The Pending Home Sales Index, a forward-looking indicator based on contract signings, grew 3.5% to 109.1 in February from a downwardly revised 105.4 in January, and is now 0.7% above February 2015 (108.3), according to the National Association of Realtors.
This increase in February marks the highest level in seven months and remains higher than a year ago.
While the index has now increased year-over-year for 18 consecutive months, last month's annual gain was the smallest.
“Today’s seasonally adjusted February pending home sales index showed a higher-than-expected increase of 3.5% from January, a good indication that existing-home sales for March should bounce back from the February decline,” said Jonathan Smoke, chief economist of Realtor.com.
“Two factors — low inventories and tight credit — will limit the gains we will see in 2016. However, given the level of pent-up demand evident in web activity and stated buyer intentions for 2016, we should see this spring materialize as the busiest season of sales since 2006,” Smoke said.
Broken up, the Midwest led the growth, surging 11.4% to 112.6 in February, and is now 2.5% above February 2015. The PHSI in the Northeast fell 0.2% to 94.0 in February, but is still 12.6% above a year ago.
Pending home sales in the South increased 2.1% to an index of 122.4 in February but are 0.4% lower than last February. The index in the West slightly grew 0.7% in February to 96.4, but is now 6.2% below a year ago.
Pending sales made promising strides in February, rising to the highest index reading since last July (109.8), Lawrence Yun, NAR chief economist, said.
"After some volatility this winter, the latest data is encouraging in that a decent number of buyers signed contracts last month, lured by mortgage rates dipping to their lowest levels in nearly a year and a modest, seasonal uptick in inventory," he said.
However, as it stands, supply is sill constrained.
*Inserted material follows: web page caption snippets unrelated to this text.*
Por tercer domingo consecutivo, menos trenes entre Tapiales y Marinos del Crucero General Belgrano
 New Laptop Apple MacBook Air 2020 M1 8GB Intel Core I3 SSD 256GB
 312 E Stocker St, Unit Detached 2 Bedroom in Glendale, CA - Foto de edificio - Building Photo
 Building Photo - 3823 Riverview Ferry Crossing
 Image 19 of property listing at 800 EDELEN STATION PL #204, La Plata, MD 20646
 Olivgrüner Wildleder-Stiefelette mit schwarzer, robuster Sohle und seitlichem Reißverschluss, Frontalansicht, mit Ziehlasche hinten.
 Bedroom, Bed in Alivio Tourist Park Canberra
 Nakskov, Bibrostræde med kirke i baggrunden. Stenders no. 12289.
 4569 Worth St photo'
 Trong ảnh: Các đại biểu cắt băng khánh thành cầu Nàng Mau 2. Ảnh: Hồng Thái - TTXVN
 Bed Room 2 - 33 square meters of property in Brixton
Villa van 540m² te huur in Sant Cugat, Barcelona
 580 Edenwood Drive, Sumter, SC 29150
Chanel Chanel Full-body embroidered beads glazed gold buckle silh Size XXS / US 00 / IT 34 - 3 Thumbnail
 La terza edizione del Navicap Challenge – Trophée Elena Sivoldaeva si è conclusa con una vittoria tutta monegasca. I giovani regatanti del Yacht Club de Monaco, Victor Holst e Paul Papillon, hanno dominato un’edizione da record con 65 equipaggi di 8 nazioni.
The latest existing-home sales report confirmed how barren the market is with total existing-home sales, which are completed transactions that include single-family homes, townhomes, condominiums and co-ops, tumbling 7.1% to a seasonally adjusted annual rate of 5.08 million in February from 5.47 million in January.
According to Yun, the one silver lining from last month's noticeable slump in existing-home sales was that price appreciation lessened to 4.4%, which is still above wage growth but certainly more favorable than the 8.1% annual increase in January.
"Any further moderation in prices would be a welcome development this spring," adds Yun. "Particularly in the West, where it appears a segment of would-be buyers are becoming wary of high asking prices and stiff competition."
NAR forecasts existing-homes sales this year to be around 5.38 million, an increase of 2.4% from 2015. The national median existing-home price for all of this year is expected to increase between 4% and 5%. In 2015, existing-home sales increased 6.3% and prices rose 6.8%.
"Looking ahead, the key for sustained momentum and more sales than last spring is a continuous stream of new listings quickly replacing what's being scooped up by a growing pool of buyers. Without adequate supply, sales will likely plateau," said Yun.